▸ Exercise
Quote, without any change, the line that contains "this 350×262 image." and all lines that follow it to the end of the data below.

Spatial localization data
# # # #

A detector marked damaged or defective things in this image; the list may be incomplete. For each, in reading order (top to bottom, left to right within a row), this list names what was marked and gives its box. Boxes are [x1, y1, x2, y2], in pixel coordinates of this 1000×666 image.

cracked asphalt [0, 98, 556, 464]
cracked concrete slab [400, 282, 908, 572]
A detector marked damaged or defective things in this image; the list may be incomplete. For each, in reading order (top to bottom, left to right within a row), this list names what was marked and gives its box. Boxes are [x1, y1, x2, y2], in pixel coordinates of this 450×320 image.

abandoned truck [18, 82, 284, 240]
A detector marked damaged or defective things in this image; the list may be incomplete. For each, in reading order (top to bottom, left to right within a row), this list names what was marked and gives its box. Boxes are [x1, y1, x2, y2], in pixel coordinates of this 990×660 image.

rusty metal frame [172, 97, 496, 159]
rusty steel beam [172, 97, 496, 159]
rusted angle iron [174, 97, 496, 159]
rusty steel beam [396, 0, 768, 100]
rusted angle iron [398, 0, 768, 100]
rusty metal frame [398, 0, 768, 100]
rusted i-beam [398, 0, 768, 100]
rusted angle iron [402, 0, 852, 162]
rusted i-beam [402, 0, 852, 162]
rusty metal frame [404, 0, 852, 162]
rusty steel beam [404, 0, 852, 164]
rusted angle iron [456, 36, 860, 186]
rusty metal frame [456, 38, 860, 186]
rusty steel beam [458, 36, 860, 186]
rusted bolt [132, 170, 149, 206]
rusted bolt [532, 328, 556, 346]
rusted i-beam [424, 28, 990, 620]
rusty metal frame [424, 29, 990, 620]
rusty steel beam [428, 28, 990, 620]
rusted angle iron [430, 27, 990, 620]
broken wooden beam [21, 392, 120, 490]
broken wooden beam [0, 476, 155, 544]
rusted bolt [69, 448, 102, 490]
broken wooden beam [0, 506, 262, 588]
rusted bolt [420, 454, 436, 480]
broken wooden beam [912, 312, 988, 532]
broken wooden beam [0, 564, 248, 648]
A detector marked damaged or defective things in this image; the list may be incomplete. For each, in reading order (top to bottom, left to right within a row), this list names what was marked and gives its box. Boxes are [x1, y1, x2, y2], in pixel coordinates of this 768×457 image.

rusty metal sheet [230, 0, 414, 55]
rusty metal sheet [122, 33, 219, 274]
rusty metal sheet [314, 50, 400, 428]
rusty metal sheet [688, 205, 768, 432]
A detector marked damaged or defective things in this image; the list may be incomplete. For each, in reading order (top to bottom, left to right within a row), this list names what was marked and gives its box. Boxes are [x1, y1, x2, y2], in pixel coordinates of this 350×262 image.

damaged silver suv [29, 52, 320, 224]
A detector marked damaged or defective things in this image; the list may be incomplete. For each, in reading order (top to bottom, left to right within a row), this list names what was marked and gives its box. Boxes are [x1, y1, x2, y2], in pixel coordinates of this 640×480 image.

# # # #

▸ Result below
A detector marked damaged or defective things in this image; the list may be incomplete. For each, in reading order (top to bottom, left to right within a row), this list names what was marked and gives its box. Boxes are [x1, y1, x2, y2], in pixel coordinates of this 350×262 image.

damaged silver suv [29, 52, 320, 224]
A detector marked damaged or defective things in this image; the list may be incomplete. For each, in reading order (top to bottom, left to right within a row), this list names what was marked and gives its box. Boxes are [x1, y1, x2, y2], in pixel coordinates of this 640×480 image.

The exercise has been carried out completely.